Guru Besar Bidang Ilmu Manajemen Keuangan Fakultas Ekonomi dan Bisnis (FEB) Unhas Prof Dr Mursalim Nohong SE MSI CWM. (dok unhas.tv)
Berdasarkan data Badan Pusat Statistik, Amerika Serikat adalah mitra dagang utama Indonesia dengan nilai ekspor mencapai lebih dari USD 23 miliar pada tahun 2024.
Kenaikan tarif hingga 32 persen tentu menjadi pukulan besar, bukan hanya bagi eksportir, tapi juga rantai pasok dan sektor ketenagakerjaan.
“Kalau kita tidak siap, ini bisa menyebabkan penurunan volume ekspor secara drastis,” jelas Prof. Mursalim.
“Pelaku usaha perlu waspada, tapi jangan panik. Efisiensi harus dijalankan tanpa melakukan PHK. Mungkin margin keuntungan turun, tapi jangan sampai daya tahan industri ikut runtuh,” lanjutnya.
Lebih lanjut, ia menyebutkan bahwa langkah cepat pemerintah untuk melakukan negosiasi bilateral dengan Amerika sangat dibutuhkan. Apalagi Trump memberi tenggat waktu 90 hari sebelum tarif benar-benar diberlakukan penuh.
Kebijakan Trump bukan semata tentang ekonomi, melainkan juga geopolitik dan kekuasaan. Dalam konteks ini, Indonesia harus cerdas membaca peluang.
Menurut Prof. Mursalim, negara-negara di Asia Selatan, Timur Tengah, hingga Afrika bisa menjadi alternatif pasar ekspor baru.
Ia juga mendorong agar pelaku industri dalam negeri mulai membenahi efisiensi produksi serta memperbaiki sistem logistik dan distribusi. “Kita harus belajar dari tekanan ini. Ini waktu yang tepat untuk berbenah,” tuturnya.
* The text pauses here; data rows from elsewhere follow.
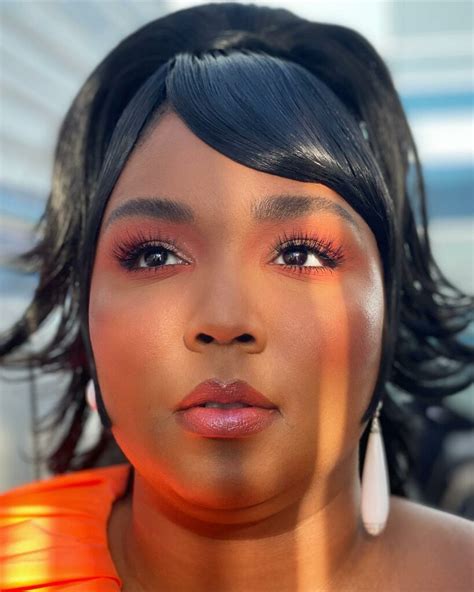 Get The Look Lizzo’s Soft Sorbet Glam From The 2019 American Music Awards Getting Gorjess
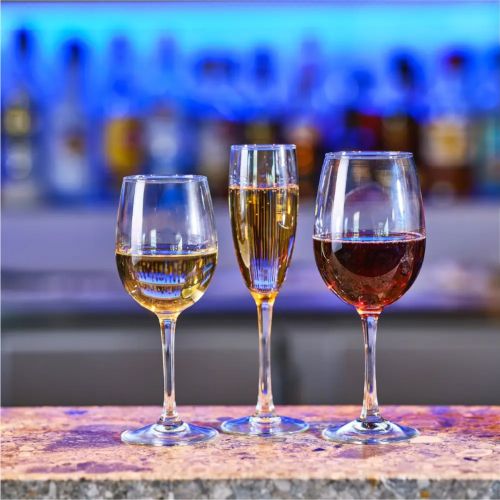 Gevuld Cosy Moments wijnglas 48 cl. gepresenteerd in een sfeervolle setting op bar.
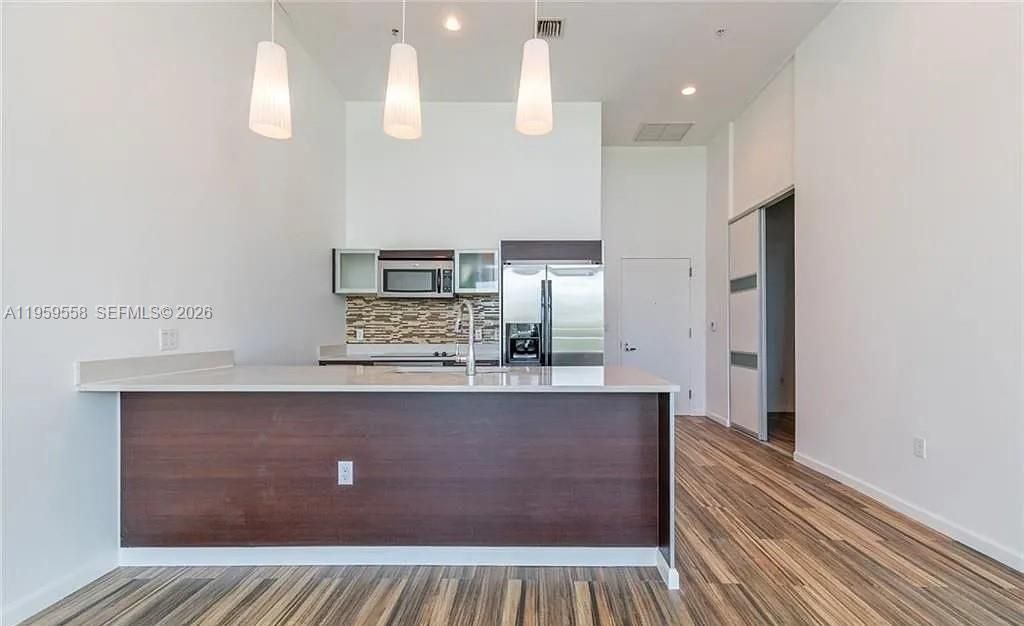 1900 N Bayshore Dr, Unit 506, Miami, FL 33132 Photo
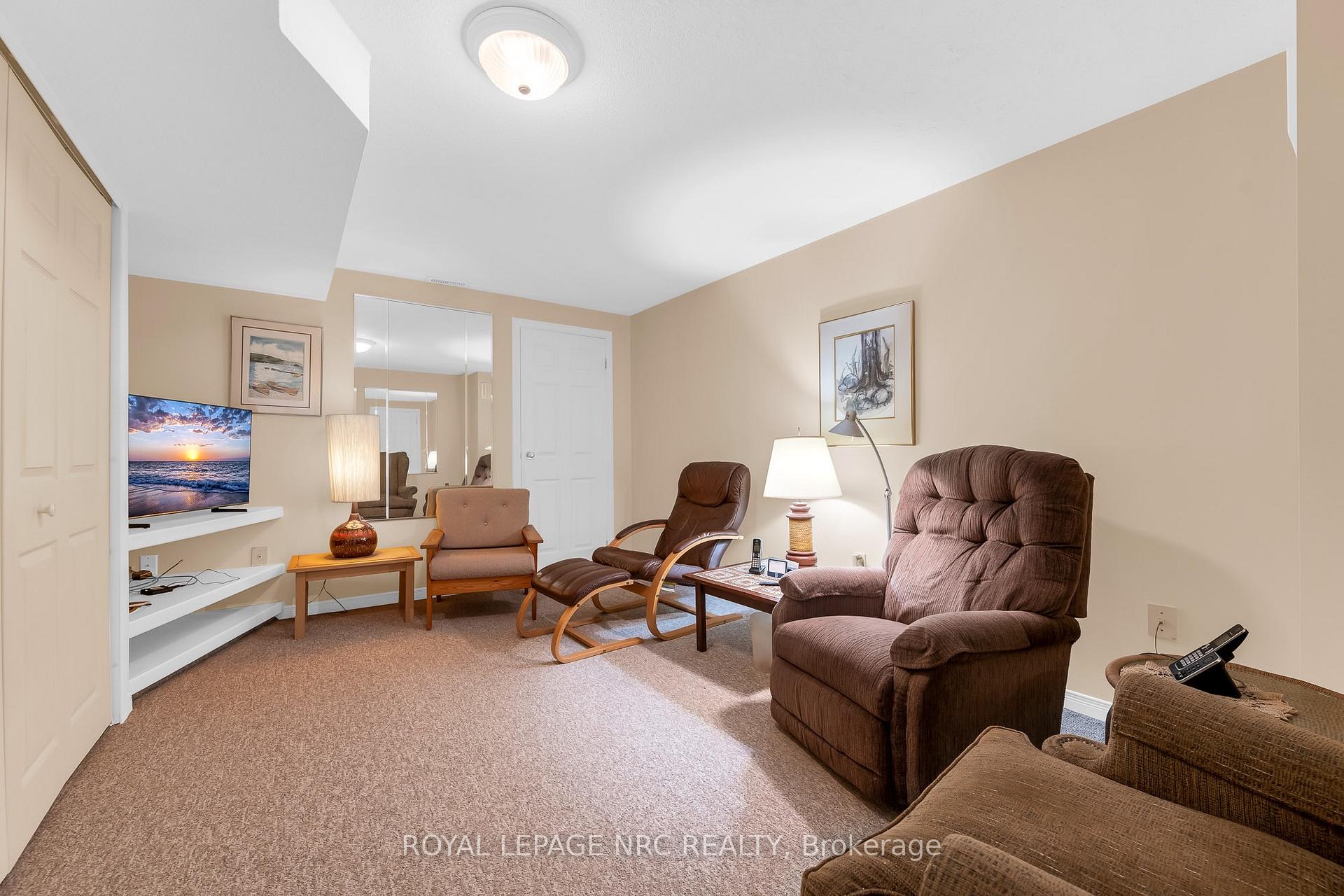 Photo 31 of 25 Milburn Drive, Pelham, Fonthill — HOMEH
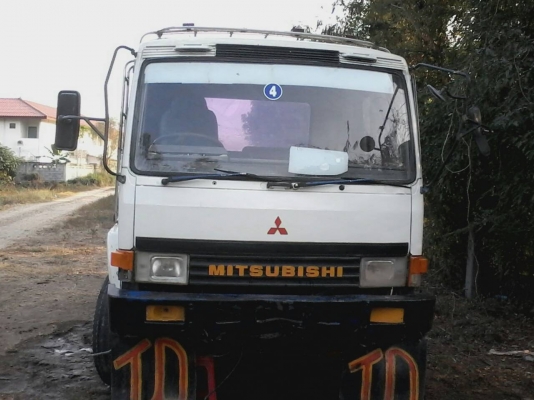 ขายด่วนครับ ไอ้หลง คัสชี FN527M TF3950 เครื่อง6D17 เกียร10 สปรีดหัวคัสชีครับ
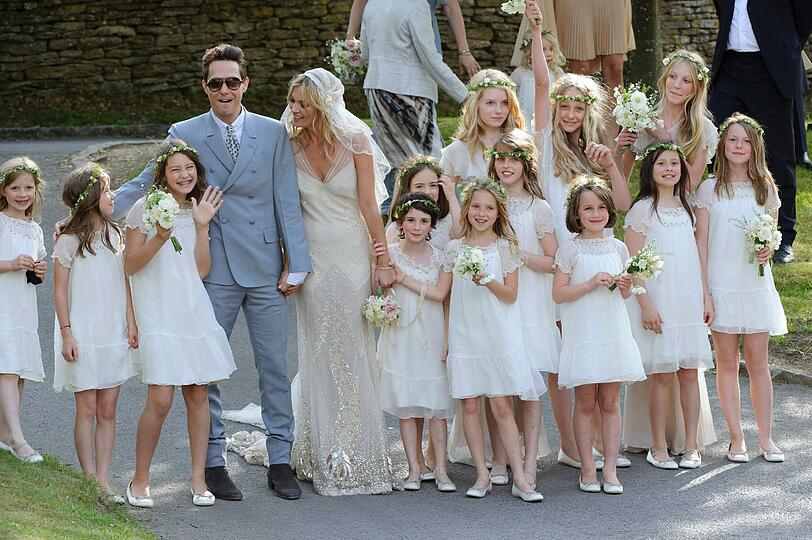 Vergleichsweise bescheiden hochzeiteten Kate und Jamie: eine Million Pfund (1,1 Millionen Euro). Dafür hatte das Top-Model gleich 15 Brautjungfern.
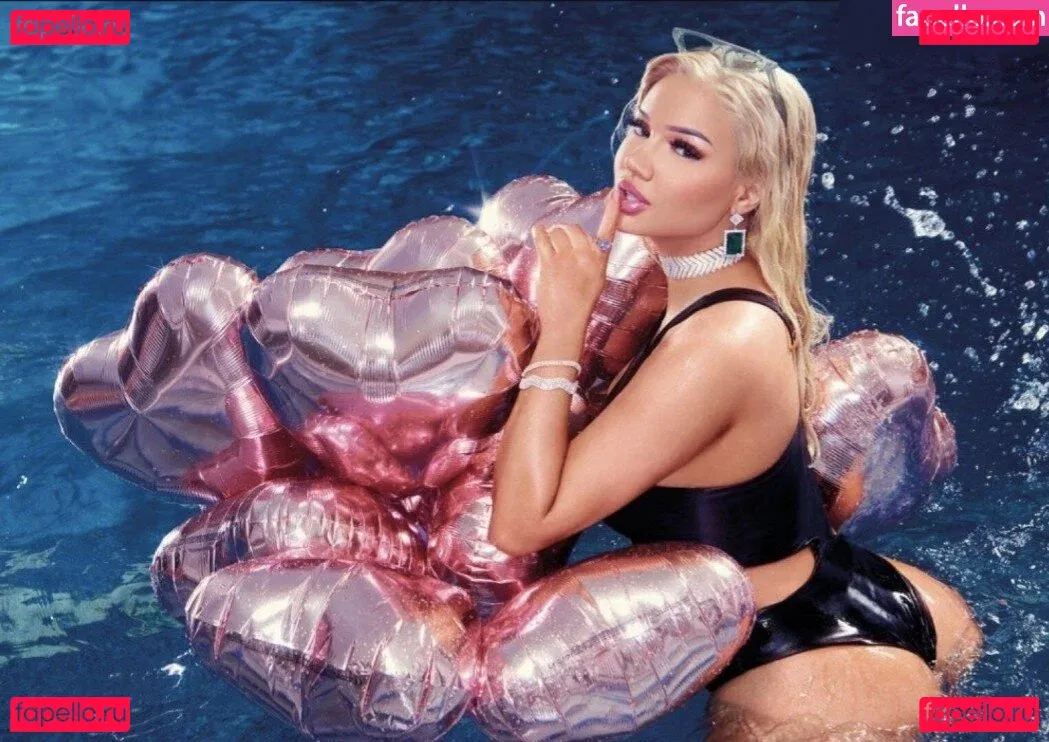 Shirin David Onlyfans Photo Gallery 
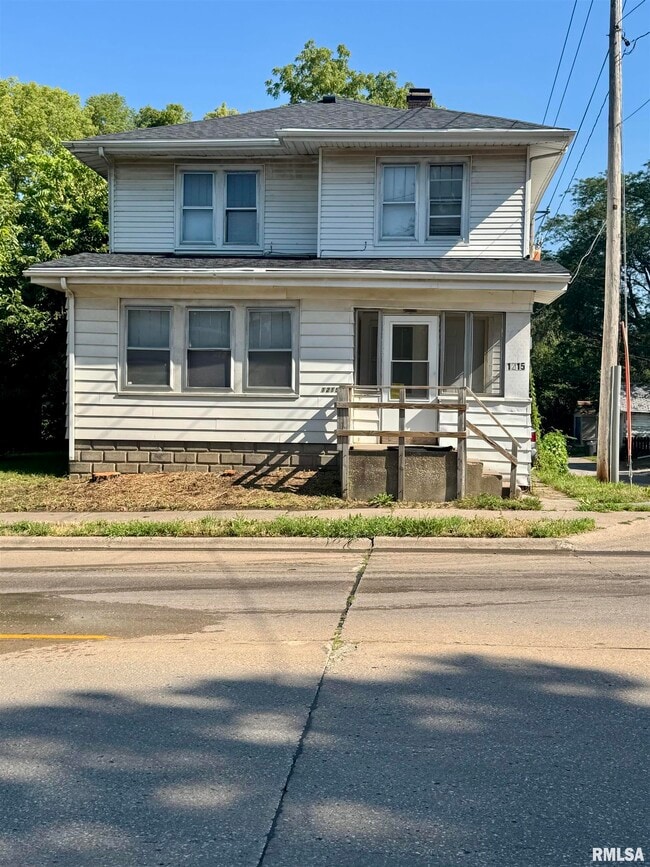 Building Photo - 1215 18th Ave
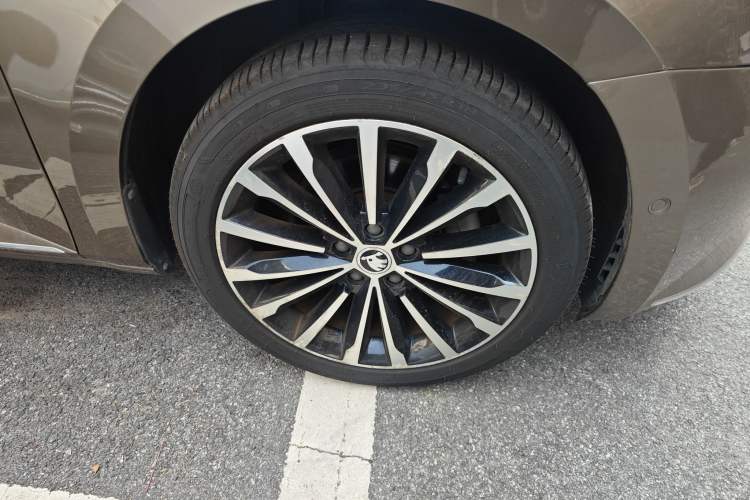 Used Skoda Superb 2016 TSI330 DSG Smart Drive Edition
Kebijakan tarif Trump bisa dibaca sebagai bentuk sinyal agar negara-negara berkembang tidak hanya menjadi pasar atau penyedia bahan mentah. Dalam konteks itu, Indonesia perlu menjawab tantangan ini dengan cara yang strategis—mengubah krisis menjadi peluang.
“Ini bukan akhir dari perdagangan kita dengan AS,” kata Prof. Mursalim. “Tapi sinyal bahwa Indonesia perlu tumbuh jadi negara yang mandiri secara industri dan tidak bergantung pada satu pasar saja.”
Dengan pendekatan diplomasi yang elegan, langkah strategis yang terukur, serta kolaborasi lintas sektor, Indonesia diharapkan dapat mengatasi badai tarif ini—dan mungkin, tumbuh lebih kuat karenanya.